I believe that we can really be friends with virtually anyone. We already have a lot in common, even if it does not seem like it. What friendship necessitates is mutual respect, and one not considering themselves to be ‘superior’ above the other. Note to self: go and be where you are loved, truly. Sometimes, that may well only be… with Allah. In prayer, and with the Qur’an.

What God is looking for and at: is our actions. What we do in each given situation. And: the states of our hearts.

[Today: I may have some Tesco pastries for breakfast. Not the best choice, and Amina’s healthful eating has certainly been a source of inspiration for me. Still: not the worst choice either. I also have a bunch o’ admin to do, In Shaa Allah, as well as callings to my One Lord, to make.
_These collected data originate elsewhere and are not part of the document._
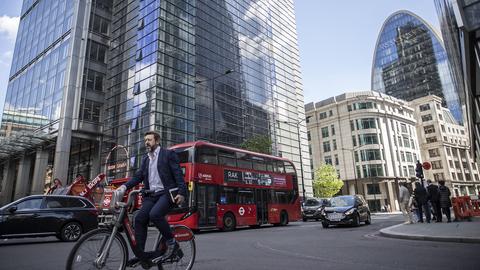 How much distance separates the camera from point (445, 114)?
91.6 metres

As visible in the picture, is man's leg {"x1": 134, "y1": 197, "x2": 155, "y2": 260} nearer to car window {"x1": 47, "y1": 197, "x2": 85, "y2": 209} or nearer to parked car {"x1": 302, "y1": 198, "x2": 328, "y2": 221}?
car window {"x1": 47, "y1": 197, "x2": 85, "y2": 209}

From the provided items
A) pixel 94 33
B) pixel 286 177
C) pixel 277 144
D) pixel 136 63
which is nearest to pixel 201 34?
pixel 136 63

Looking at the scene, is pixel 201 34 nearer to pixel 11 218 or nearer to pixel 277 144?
pixel 277 144

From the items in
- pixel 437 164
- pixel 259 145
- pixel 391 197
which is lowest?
pixel 391 197

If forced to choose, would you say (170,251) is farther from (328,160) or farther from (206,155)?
(328,160)

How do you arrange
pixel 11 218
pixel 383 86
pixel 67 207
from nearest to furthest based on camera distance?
pixel 11 218, pixel 67 207, pixel 383 86

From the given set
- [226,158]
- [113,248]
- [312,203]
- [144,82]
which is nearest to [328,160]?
[312,203]

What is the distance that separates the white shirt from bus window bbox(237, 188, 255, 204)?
12240 mm

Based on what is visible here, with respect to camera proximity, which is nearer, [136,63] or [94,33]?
[136,63]

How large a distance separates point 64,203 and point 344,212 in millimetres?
11242

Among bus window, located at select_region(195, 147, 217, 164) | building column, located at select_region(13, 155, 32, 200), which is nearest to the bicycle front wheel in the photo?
bus window, located at select_region(195, 147, 217, 164)

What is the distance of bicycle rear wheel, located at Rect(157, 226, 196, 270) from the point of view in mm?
4410

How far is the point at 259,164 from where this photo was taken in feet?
60.3

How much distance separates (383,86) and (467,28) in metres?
119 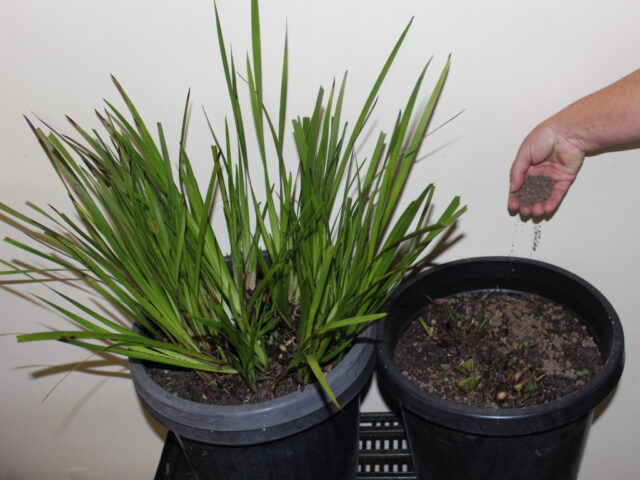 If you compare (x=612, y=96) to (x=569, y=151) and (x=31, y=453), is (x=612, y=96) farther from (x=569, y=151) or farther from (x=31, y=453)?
(x=31, y=453)

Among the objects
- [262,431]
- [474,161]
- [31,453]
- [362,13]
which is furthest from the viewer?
[31,453]

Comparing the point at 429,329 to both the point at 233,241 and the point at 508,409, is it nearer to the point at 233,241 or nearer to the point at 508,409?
the point at 508,409

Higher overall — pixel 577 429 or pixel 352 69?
pixel 352 69

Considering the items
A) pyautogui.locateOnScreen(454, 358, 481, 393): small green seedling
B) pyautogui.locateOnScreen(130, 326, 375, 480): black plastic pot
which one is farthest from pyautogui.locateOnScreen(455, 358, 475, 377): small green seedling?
pyautogui.locateOnScreen(130, 326, 375, 480): black plastic pot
At 13:30, God-Willing, I may be doing el archery over at the College. And I might tutor today. Thank God for goodnesses, and for opportunities, which are good. After life’s necessary troughs and dips and dull darknesses. I… am also anaemic; it makes me tired, and Sasha has kindly gifted me a pouch of Spatone iron water. Which I should have. Before I faint or something. Again.

I’m not sure about everything at the moment. But Allah Knows, and what best I ought to do is: pray and observe patience. A beautiful patience: Sabrun Jameel. I believe that not having something, for example, love, in any given space or place or time: renders us that much more understanding and grateful when we are with it. Surrounded by it. When our very hearts are enraptured by it. AlHamduliLlah.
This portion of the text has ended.